• Exercise instructions:
For each line in the data below that holds "Residential", return a copy.

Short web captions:
════

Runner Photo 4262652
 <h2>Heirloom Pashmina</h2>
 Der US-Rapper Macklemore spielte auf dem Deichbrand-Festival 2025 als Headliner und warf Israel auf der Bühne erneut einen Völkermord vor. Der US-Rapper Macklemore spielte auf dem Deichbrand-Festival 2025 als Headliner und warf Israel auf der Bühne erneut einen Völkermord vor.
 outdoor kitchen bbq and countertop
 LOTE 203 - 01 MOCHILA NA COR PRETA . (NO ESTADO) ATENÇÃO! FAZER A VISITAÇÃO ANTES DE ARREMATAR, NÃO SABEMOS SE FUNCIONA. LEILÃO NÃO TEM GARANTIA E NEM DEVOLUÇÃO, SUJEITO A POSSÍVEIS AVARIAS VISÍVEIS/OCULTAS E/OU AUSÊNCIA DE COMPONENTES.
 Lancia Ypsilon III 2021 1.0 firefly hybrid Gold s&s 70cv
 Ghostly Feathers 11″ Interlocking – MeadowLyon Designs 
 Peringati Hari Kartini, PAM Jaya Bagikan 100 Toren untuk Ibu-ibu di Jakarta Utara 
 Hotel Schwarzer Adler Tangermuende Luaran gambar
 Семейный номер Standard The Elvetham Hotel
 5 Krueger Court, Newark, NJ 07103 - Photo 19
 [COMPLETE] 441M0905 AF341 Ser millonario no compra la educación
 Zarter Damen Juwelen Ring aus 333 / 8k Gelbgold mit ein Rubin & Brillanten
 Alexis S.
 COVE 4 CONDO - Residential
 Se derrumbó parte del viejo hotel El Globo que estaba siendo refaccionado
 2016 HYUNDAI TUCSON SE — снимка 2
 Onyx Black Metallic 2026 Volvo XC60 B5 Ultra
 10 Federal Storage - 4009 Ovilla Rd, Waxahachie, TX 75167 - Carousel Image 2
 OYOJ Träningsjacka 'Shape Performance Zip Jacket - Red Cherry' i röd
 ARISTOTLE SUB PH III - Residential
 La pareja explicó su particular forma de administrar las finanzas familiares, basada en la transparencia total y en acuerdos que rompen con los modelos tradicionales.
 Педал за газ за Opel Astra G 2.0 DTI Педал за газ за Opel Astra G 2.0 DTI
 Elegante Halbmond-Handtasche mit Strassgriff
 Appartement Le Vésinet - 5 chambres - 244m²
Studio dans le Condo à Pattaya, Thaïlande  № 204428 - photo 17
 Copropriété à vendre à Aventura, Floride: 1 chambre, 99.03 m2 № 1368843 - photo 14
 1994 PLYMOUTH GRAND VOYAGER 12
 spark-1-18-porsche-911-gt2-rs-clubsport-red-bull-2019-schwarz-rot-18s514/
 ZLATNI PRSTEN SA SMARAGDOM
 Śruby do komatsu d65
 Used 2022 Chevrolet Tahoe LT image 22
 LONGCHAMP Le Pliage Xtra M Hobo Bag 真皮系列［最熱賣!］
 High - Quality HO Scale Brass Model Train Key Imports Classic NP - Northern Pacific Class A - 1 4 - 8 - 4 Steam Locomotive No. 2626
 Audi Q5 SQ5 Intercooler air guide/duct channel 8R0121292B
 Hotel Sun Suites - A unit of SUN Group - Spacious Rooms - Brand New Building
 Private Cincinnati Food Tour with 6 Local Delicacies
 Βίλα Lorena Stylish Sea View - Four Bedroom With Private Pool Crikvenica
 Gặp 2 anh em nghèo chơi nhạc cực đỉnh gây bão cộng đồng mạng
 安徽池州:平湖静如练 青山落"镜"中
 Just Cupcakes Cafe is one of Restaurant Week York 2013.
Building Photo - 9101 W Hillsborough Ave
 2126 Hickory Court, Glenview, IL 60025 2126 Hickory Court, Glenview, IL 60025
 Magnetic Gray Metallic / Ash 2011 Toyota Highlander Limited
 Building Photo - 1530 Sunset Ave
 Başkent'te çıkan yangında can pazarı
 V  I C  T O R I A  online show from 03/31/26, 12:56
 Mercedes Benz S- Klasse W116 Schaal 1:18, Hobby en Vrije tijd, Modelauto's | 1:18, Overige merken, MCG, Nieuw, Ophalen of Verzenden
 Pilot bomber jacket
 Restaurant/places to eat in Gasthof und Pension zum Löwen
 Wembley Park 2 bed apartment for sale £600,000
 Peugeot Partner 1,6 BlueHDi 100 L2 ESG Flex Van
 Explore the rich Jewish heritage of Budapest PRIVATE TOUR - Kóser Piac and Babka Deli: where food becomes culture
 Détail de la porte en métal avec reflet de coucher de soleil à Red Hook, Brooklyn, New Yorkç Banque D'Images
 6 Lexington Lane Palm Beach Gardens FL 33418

════

• Written response:
 COVE 4 CONDO - Residential
 ARISTOTLE SUB PH III - Residential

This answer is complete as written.